Varesino per parte di moglie, Leopoldo “Poldo” Gasparotto, Medaglia d’oro al valor militare, dà il nome a una delle più importanti e trafficate vie d’accesso e d’uscita di Varese, parallela alla “bretella” autostradale. Entrato nella storia e nella toponomastica per la tragica morte, per mano delle SS, nel campo di Fossoli di Carpi, Gasparotto non fu solo un inflessibile antifascista di fede repubblicana ma anche un grande amante della montagna.
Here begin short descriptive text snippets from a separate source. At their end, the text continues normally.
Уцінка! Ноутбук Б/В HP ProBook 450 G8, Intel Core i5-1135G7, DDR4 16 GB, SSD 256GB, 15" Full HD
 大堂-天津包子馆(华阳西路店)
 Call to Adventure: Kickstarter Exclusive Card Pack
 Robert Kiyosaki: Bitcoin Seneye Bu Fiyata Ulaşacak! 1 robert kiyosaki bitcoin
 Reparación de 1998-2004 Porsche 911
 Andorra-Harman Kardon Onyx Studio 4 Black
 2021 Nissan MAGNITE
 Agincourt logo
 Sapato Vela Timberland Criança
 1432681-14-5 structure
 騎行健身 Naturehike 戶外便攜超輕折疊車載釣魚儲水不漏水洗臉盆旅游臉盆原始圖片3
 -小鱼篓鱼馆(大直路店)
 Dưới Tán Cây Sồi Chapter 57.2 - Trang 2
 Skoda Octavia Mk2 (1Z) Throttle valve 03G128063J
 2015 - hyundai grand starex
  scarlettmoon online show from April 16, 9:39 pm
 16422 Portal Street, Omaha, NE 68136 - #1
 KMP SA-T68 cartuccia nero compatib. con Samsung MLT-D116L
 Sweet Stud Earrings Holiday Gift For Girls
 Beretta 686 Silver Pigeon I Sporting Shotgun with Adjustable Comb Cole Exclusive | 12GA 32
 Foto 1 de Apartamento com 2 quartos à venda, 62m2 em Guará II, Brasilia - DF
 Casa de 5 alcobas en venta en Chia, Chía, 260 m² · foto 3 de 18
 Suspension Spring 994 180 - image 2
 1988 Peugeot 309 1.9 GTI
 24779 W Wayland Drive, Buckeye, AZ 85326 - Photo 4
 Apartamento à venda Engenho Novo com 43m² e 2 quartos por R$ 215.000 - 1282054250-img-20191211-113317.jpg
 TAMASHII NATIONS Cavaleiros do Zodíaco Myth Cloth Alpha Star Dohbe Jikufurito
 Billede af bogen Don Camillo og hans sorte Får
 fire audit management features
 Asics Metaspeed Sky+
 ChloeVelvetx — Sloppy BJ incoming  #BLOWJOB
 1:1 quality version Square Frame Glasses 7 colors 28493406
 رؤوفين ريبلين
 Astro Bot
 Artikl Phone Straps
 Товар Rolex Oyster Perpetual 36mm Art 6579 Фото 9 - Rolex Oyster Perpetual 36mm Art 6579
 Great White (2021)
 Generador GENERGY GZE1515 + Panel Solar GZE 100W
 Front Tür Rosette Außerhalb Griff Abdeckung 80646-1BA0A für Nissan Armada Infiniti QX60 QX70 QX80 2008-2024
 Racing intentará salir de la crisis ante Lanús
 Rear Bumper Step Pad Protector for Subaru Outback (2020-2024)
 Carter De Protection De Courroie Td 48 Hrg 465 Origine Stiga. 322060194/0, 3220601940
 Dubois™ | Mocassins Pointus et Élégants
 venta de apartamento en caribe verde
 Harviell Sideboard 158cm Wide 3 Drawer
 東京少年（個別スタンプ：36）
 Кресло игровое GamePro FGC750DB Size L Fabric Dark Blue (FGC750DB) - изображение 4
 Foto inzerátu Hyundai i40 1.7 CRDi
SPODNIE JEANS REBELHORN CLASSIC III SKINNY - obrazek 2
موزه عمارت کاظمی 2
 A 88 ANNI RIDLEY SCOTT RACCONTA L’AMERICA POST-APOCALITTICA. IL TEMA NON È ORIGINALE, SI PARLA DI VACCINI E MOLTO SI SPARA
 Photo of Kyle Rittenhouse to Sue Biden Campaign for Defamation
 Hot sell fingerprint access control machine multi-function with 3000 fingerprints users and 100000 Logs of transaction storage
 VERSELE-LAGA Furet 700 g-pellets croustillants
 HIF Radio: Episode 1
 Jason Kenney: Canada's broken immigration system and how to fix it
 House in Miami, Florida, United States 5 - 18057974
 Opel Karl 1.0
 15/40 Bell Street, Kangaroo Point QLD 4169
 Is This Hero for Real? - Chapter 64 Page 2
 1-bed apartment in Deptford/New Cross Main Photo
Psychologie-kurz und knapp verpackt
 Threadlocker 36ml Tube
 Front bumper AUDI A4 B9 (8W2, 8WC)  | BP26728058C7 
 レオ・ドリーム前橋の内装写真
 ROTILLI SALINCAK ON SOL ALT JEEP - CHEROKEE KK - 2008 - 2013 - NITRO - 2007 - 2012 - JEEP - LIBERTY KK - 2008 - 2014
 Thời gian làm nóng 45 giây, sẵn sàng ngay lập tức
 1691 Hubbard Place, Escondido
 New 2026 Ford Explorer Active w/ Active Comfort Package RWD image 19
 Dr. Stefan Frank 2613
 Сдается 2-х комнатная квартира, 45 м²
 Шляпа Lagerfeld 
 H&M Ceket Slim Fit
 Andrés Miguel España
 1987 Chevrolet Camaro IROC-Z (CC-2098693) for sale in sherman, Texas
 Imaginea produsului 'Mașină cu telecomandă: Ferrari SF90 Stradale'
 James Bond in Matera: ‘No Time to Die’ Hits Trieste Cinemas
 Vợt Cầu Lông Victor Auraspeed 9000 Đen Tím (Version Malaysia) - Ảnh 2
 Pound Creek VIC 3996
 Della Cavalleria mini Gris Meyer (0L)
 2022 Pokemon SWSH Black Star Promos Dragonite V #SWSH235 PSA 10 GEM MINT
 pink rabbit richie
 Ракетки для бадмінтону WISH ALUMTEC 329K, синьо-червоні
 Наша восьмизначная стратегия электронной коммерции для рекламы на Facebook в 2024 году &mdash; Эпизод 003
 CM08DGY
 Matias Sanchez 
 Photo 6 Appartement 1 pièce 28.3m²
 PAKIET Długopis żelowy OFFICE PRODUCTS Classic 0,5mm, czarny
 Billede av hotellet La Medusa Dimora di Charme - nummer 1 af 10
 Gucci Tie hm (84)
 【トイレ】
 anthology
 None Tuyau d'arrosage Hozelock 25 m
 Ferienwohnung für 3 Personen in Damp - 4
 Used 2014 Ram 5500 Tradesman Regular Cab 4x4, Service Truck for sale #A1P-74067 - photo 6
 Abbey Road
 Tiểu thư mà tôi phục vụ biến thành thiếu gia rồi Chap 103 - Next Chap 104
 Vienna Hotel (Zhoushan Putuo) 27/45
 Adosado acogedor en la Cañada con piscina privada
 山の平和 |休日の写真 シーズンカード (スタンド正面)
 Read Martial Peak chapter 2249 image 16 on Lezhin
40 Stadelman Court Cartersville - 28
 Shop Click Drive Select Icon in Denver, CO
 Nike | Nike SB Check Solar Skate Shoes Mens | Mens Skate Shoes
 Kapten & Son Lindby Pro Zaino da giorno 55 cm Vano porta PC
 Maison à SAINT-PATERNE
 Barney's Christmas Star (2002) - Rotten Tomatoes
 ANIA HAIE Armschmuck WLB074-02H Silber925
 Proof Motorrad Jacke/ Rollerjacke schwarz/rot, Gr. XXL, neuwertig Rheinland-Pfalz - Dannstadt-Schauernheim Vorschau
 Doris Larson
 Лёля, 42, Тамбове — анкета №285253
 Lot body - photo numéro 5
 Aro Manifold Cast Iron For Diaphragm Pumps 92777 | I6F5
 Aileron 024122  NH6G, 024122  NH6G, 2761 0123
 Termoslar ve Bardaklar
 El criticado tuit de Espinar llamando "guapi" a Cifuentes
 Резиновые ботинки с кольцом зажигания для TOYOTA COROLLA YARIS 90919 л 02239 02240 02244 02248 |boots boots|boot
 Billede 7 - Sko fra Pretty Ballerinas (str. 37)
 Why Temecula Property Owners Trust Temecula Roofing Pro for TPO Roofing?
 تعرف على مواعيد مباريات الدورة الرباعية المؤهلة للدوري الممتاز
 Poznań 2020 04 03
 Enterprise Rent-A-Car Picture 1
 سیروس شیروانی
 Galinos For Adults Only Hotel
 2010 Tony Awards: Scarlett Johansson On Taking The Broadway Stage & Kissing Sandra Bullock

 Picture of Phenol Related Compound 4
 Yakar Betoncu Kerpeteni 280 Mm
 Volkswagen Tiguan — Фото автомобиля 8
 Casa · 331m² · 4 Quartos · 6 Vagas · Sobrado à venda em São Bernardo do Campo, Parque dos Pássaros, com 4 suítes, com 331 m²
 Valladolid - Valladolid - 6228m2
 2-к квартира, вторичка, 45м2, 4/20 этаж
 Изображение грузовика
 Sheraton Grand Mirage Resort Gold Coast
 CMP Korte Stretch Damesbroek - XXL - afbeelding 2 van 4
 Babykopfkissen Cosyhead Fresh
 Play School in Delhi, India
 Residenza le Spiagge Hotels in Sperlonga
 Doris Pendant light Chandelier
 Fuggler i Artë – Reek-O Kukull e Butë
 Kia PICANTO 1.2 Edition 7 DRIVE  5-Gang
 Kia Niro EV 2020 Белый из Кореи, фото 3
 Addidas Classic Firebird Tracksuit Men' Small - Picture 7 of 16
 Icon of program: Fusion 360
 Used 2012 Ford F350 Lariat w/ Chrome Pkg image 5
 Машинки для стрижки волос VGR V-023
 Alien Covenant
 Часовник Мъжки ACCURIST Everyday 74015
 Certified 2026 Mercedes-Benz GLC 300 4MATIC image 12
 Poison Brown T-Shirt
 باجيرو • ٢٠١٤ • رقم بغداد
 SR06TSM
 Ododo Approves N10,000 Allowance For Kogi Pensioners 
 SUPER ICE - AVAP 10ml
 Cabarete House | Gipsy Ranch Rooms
Scalatore collezionista di prime ascensioni (gli è stata dedicata una via sul Monte Rosa), fu esploratore nel Caucaso e in Groenlandia, accademico del Club alpino italiano e docente alla scuola militare di alpinismo.
Nato a Milano il 30 dicembre 1902, sposato dal 1935 con la varesina Nuccia Colombo, con il padre Luigi, come lui avvocato, ministro negli ultimi governi prefascisti e nei primi dopo la Liberazione, tentò di organizzare, dopo l’8 settembre 1943, la difesa di Milano contro l’occupazione nazista ma non ottenne la collaborazione del comando militare di piazza.
Dopo aver messo al sicuro in Svizzera la consorte in attesa e il loro primogenito Pierluigi, Gasparotto diede vita, sui monti della Lombardia, alle prime formazioni militari di “Giustizia e Libertà” di cui assunse il comando, in collaborazione con il futuro presidente del Consiglio Ferruccio Parri.
Arrestato a Milano l’11 dicembre 1943, torturato a San Vittore e a Verona, fu inviato al campo di concentramento di Fossoli, campo di transito verso i lager nazisti, da dove il 21 giugno del 1944 fu prelevato e ucciso dalle SS.
Pressoché contemporaneamente, la signora Nuccia, che in Svizzera aveva dato alla luce il secondogenito Giuliano, tornò clandestinamente nel territorio della Rsi per partecipare alla Resistenza.